«No importa cómo se disfrace, es cegadoramente obvio que el propósito de la suspensión ahora sería evitar que el Parlamento debata el brexit y lleve a cabo sus tareas de moldear un rumbo para el país», lamentó Bercow, que se encuentra actualmente de vacaciones. Según Bercow, en estos «momentos tempranos» en el liderazgo de Johnson al frente del Gobierno británico, éste debería «buscar establecer, en lugar de socavar, sus credenciales democráticos y su compromiso con la democracia parlamentaria».
Por contra, el «premier» ha insistido en que los diputados tendrán un «amplio margen temporal» para debatir el brexit antes del 31 de octubre, cuando deberá abandonar la Unión Europea.

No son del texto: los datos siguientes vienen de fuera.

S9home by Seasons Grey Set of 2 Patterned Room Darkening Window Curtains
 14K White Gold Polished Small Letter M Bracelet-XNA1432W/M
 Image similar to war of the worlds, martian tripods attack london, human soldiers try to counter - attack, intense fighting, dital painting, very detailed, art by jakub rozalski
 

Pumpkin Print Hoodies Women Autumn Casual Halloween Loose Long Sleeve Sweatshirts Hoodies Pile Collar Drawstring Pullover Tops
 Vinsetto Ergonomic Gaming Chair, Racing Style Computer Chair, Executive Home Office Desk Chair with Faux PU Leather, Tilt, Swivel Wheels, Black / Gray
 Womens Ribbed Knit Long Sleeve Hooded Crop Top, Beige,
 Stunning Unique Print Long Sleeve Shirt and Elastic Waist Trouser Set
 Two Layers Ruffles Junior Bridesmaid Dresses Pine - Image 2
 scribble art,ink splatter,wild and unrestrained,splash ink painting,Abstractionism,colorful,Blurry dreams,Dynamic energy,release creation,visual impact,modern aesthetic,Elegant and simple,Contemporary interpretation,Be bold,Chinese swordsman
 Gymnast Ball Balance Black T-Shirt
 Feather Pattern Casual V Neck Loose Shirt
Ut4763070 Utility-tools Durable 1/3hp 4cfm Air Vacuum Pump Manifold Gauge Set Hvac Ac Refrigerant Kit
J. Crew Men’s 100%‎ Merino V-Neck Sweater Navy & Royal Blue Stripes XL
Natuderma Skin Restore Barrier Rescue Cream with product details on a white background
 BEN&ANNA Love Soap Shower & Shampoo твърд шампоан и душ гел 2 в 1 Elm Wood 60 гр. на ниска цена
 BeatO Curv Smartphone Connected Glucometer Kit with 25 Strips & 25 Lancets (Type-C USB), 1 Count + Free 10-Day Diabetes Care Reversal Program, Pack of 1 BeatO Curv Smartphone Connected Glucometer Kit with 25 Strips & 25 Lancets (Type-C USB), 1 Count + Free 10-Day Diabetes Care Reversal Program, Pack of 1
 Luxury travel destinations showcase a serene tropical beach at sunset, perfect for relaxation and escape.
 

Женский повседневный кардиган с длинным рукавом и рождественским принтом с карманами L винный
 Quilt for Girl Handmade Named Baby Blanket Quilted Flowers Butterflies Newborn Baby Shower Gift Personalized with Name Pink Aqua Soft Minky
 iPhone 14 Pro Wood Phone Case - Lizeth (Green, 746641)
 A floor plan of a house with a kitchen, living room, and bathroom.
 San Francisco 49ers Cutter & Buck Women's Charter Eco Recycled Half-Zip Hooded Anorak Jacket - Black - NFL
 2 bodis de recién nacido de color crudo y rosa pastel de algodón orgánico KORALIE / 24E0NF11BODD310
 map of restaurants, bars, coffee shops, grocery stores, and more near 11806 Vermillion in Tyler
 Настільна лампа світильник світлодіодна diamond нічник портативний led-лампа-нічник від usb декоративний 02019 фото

Por su parte, el líder laborista, Jeremy Corbyn ha remarcado en una carta dirigida a la reina Isabel II que la suspensión del Parlamento, solicitada a la soberana por el primer ministro del Reino Unido, «no es aceptable».
El veterano político se dirigió a la monarca después de que el «premier» confirmara que previamente le había solicitado el cierre temporal de los Comunes, un paso controvertido que imposibilita que los diputados puedan buscar maneras legales con las que evitar un brexit sin acuerdo.
Según señala Corbyn en esa misiva, el primer ministro está tratando de «avasallar» la democracia del Reino Unido a fin de «forzar una salida sin acuerdo de la Unión Europea» el próximo 31 de octubre.
«Cuando el Parlamento se reanude -según su calendario, de manera muy breve la próxima semana-, lo primero que haremos es intentar legislar para impedir lo que está haciendo», ha adelantado. «En segundo lugar, convocaremos una moción de confianza en algún momento», ha agregado.